Provided records —
━━━━
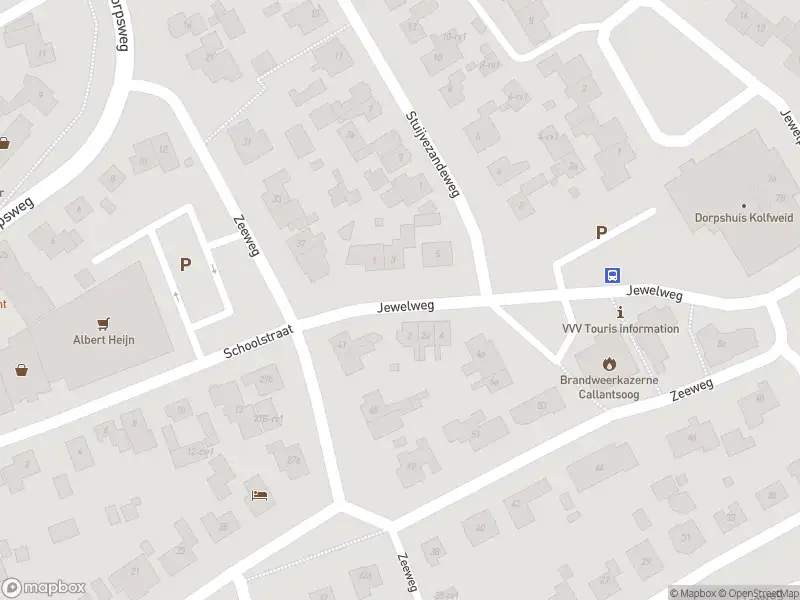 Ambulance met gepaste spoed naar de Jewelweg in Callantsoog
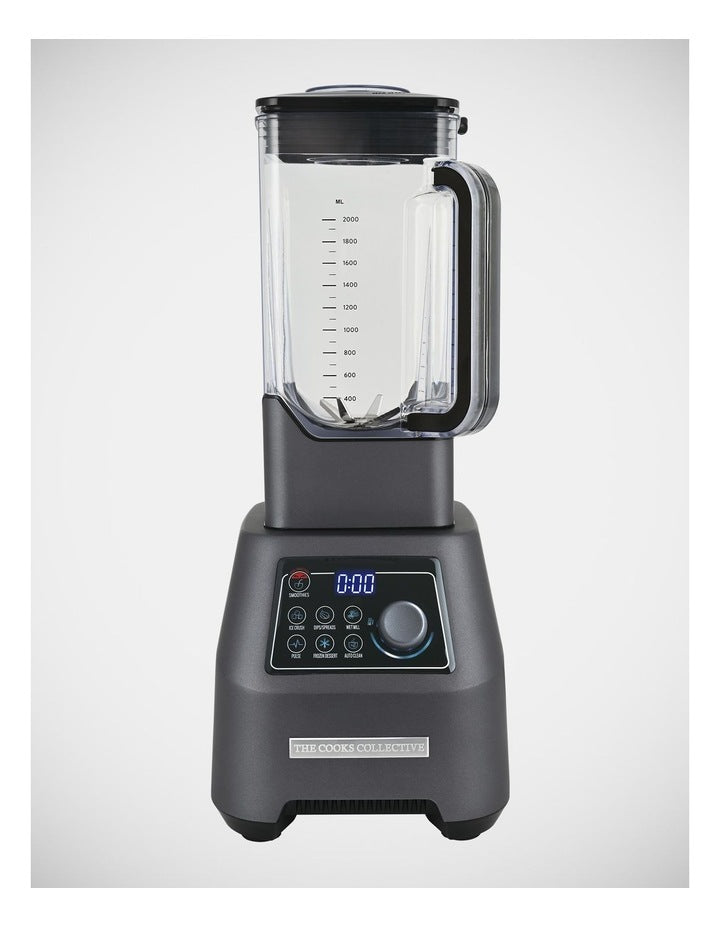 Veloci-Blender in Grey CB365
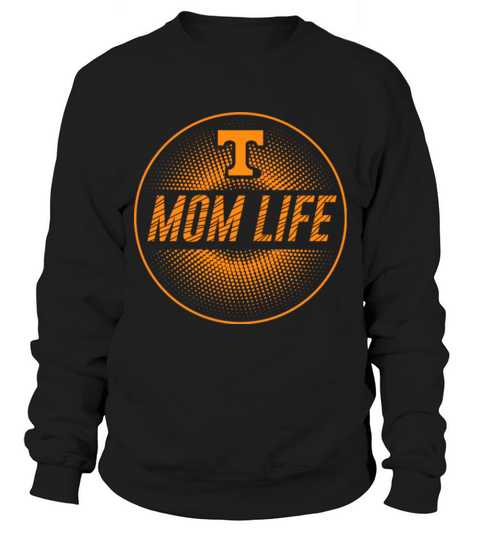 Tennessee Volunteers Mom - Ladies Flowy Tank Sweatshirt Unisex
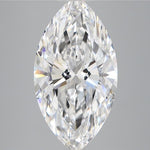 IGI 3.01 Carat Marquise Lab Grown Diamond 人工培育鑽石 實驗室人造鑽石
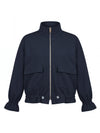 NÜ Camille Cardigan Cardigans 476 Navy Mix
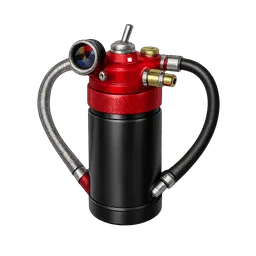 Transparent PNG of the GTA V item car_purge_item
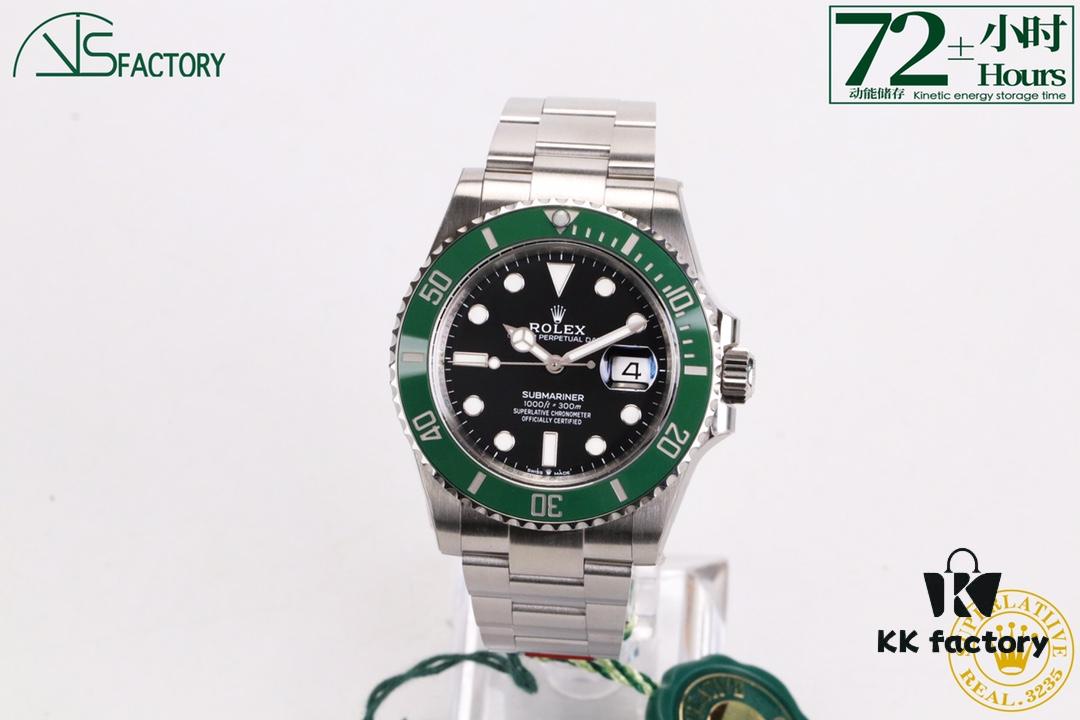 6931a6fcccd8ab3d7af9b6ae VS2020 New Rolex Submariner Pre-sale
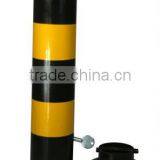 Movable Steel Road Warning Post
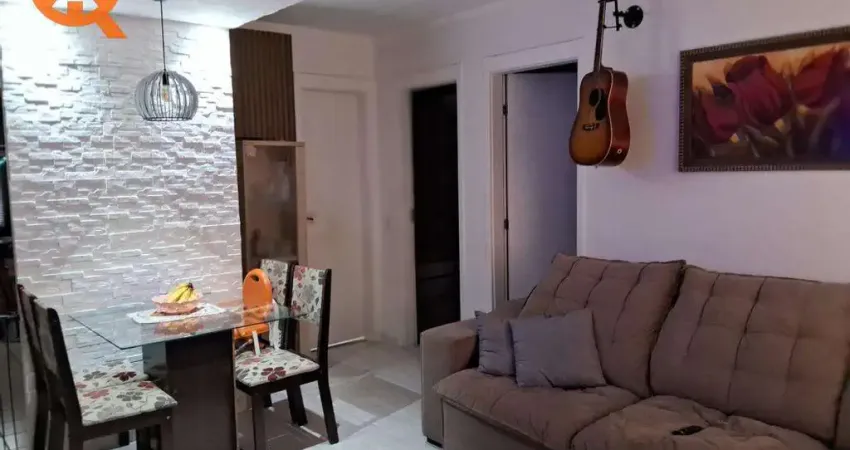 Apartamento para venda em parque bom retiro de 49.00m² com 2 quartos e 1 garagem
━━━━
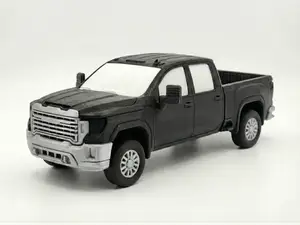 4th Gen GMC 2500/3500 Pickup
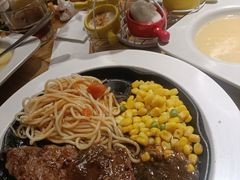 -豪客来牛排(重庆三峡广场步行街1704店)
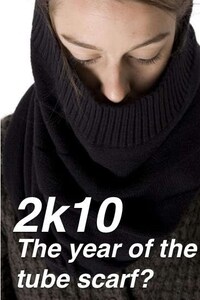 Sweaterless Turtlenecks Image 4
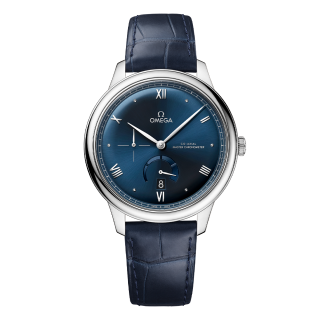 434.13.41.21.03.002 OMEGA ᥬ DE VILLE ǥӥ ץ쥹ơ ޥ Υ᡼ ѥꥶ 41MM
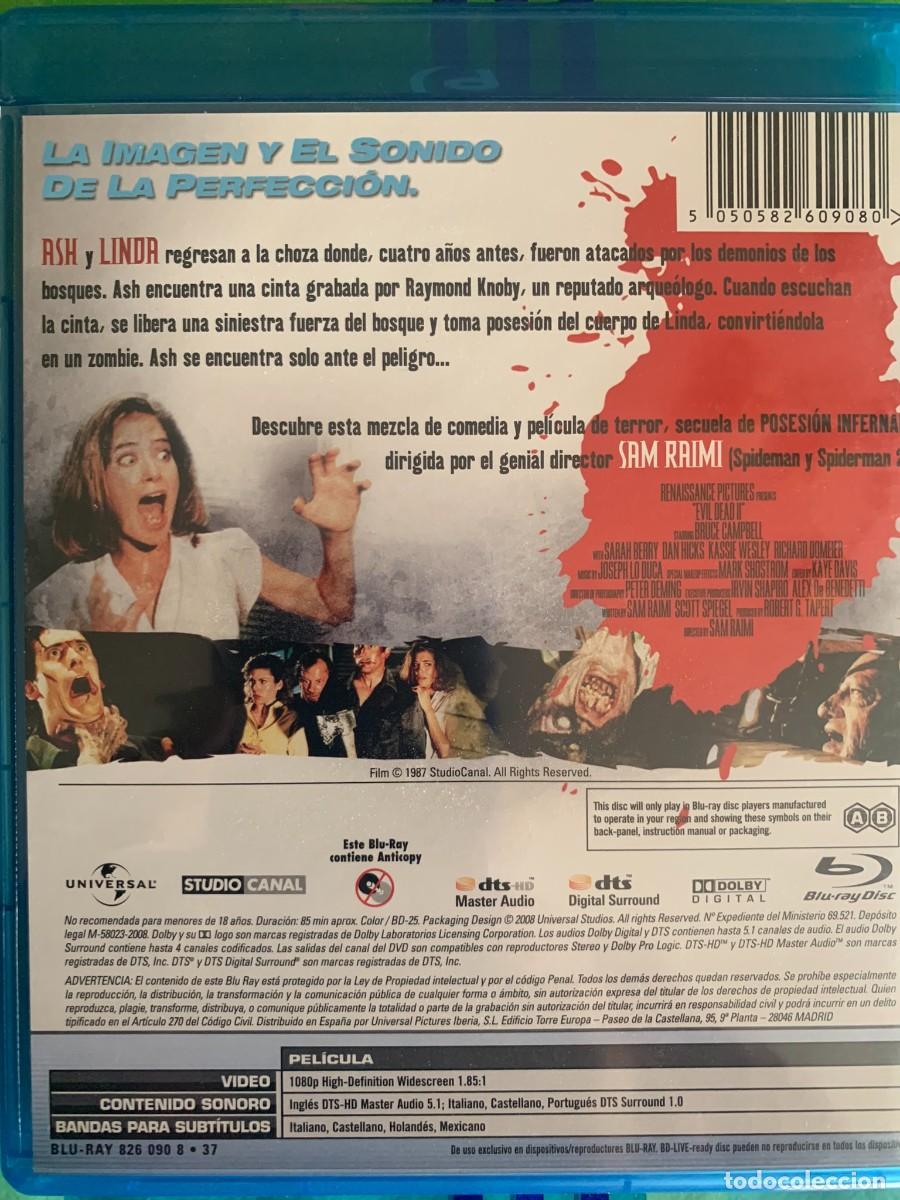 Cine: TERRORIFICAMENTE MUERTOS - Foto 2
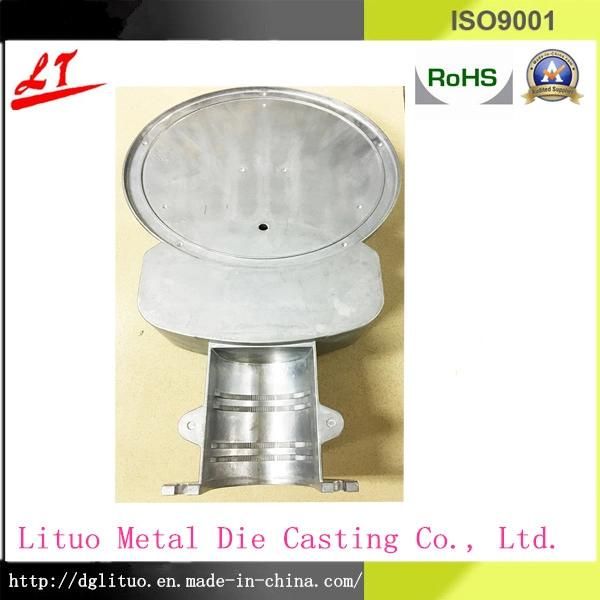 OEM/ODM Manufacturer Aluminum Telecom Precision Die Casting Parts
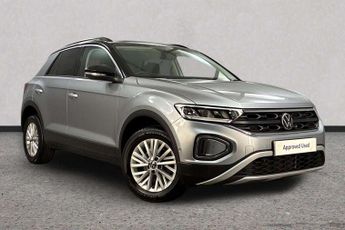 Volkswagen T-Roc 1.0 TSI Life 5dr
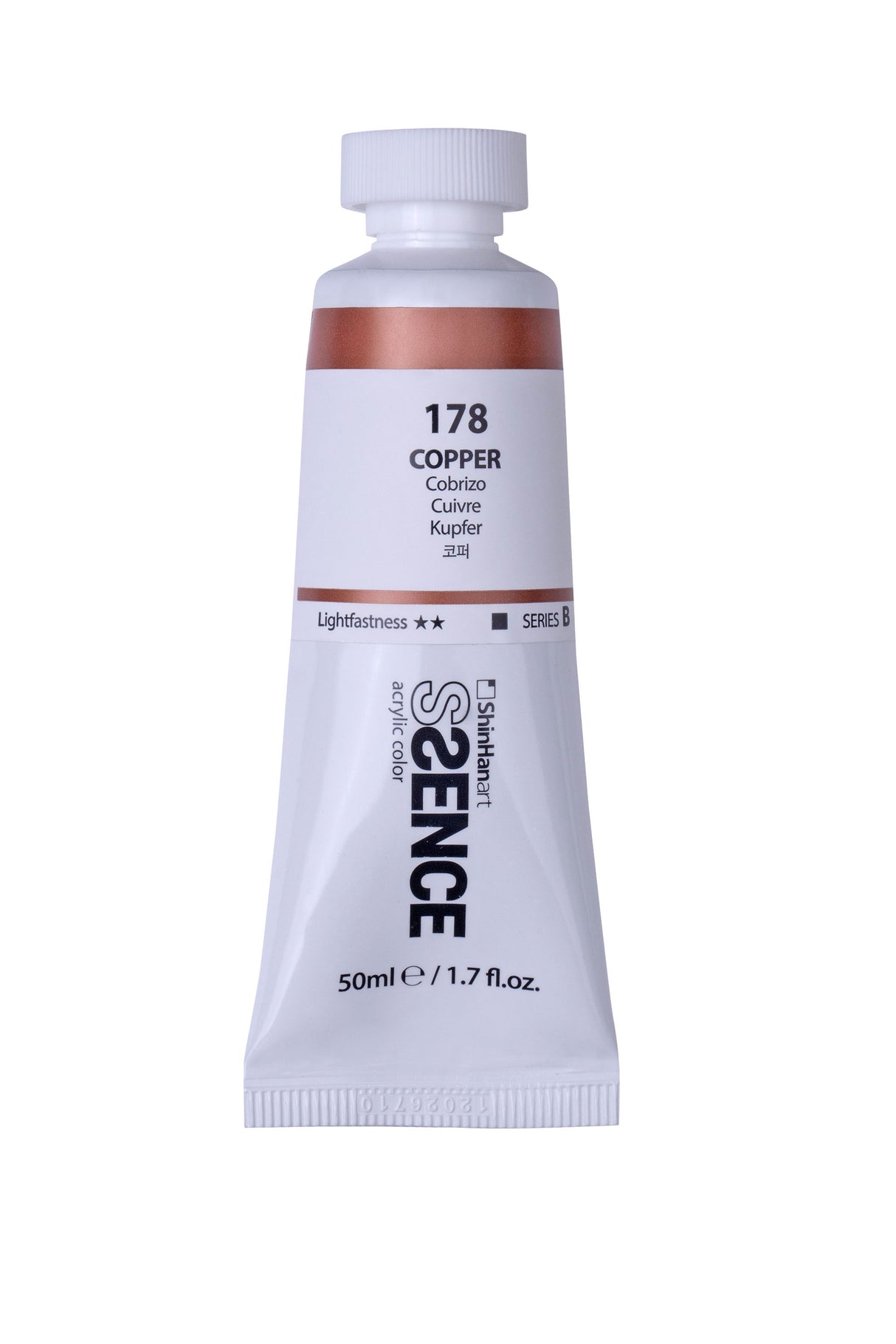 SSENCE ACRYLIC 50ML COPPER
━━━━
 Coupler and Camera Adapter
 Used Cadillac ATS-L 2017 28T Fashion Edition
━━━━
Exercise — Copy needed, without pictures: the lines of the listing above from the line containing "Ambulance met gepaste" up to and including the line containing "Apartamento para venda", set down exactly.

Completed task —
 Ambulance met gepaste spoed naar de Jewelweg in Callantsoog
 Veloci-Blender in Grey CB365
 Tennessee Volunteers Mom - Ladies Flowy Tank Sweatshirt Unisex
 IGI 3.01 Carat Marquise Lab Grown Diamond 人工培育鑽石 實驗室人造鑽石
 NÜ Camille Cardigan Cardigans 476 Navy Mix
 Transparent PNG of the GTA V item car_purge_item
 6931a6fcccd8ab3d7af9b6ae VS2020 New Rolex Submariner Pre-sale
 Movable Steel Road Warning Post
 Apartamento para venda em parque bom retiro de 49.00m² com 2 quartos e 1 garagem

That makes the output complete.